TO DO: The expected output is the data below, restated word for word.
* * * * * * *
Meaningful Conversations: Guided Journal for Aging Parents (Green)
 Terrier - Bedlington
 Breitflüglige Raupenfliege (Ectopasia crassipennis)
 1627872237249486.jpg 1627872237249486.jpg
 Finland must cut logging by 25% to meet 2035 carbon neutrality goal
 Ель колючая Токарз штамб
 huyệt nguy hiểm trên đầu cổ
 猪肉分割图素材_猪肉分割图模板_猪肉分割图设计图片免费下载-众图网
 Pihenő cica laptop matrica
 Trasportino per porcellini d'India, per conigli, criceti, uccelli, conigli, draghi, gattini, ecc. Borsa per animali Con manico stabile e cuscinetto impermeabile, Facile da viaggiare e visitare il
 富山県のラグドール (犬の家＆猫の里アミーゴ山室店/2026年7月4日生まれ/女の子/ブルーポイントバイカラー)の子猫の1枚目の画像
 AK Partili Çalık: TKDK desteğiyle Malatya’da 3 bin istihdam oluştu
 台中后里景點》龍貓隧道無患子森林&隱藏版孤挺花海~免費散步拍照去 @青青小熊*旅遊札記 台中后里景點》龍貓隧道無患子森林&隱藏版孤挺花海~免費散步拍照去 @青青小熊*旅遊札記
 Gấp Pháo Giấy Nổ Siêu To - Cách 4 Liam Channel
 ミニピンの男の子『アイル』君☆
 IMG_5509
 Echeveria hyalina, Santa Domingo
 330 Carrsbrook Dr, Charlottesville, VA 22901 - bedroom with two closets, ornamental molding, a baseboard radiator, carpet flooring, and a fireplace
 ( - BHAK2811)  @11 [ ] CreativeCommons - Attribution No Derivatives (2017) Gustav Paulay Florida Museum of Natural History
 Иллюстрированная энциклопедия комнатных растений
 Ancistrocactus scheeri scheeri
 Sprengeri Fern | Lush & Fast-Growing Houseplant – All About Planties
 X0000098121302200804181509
* * * * * * *
WRITTEN ANSWER:
Meaningful Conversations: Guided Journal for Aging Parents (Green)
 Terrier - Bedlington
 Breitflüglige Raupenfliege (Ectopasia crassipennis)
 1627872237249486.jpg 1627872237249486.jpg
 Finland must cut logging by 25% to meet 2035 carbon neutrality goal
 Ель колючая Токарз штамб
 huyệt nguy hiểm trên đầu cổ
 猪肉分割图素材_猪肉分割图模板_猪肉分割图设计图片免费下载-众图网
 Pihenő cica laptop matrica
 Trasportino per porcellini d'India, per conigli, criceti, uccelli, conigli, draghi, gattini, ecc. Borsa per animali Con manico stabile e cuscinetto impermeabile, Facile da viaggiare e visitare il
 富山県のラグドール (犬の家＆猫の里アミーゴ山室店/2026年7月4日生まれ/女の子/ブルーポイントバイカラー)の子猫の1枚目の画像
 AK Partili Çalık: TKDK desteğiyle Malatya’da 3 bin istihdam oluştu
 台中后里景點》龍貓隧道無患子森林&隱藏版孤挺花海~免費散步拍照去 @青青小熊*旅遊札記 台中后里景點》龍貓隧道無患子森林&隱藏版孤挺花海~免費散步拍照去 @青青小熊*旅遊札記
 Gấp Pháo Giấy Nổ Siêu To - Cách 4 Liam Channel
 ミニピンの男の子『アイル』君☆
 IMG_5509
 Echeveria hyalina, Santa Domingo
 330 Carrsbrook Dr, Charlottesville, VA 22901 - bedroom with two closets, ornamental molding, a baseboard radiator, carpet flooring, and a fireplace
 ( - BHAK2811)  @11 [ ] CreativeCommons - Attribution No Derivatives (2017) Gustav Paulay Florida Museum of Natural History
 Иллюстрированная энциклопедия комнатных растений
 Ancistrocactus scheeri scheeri
 Sprengeri Fern | Lush & Fast-Growing Houseplant – All About Planties
 X0000098121302200804181509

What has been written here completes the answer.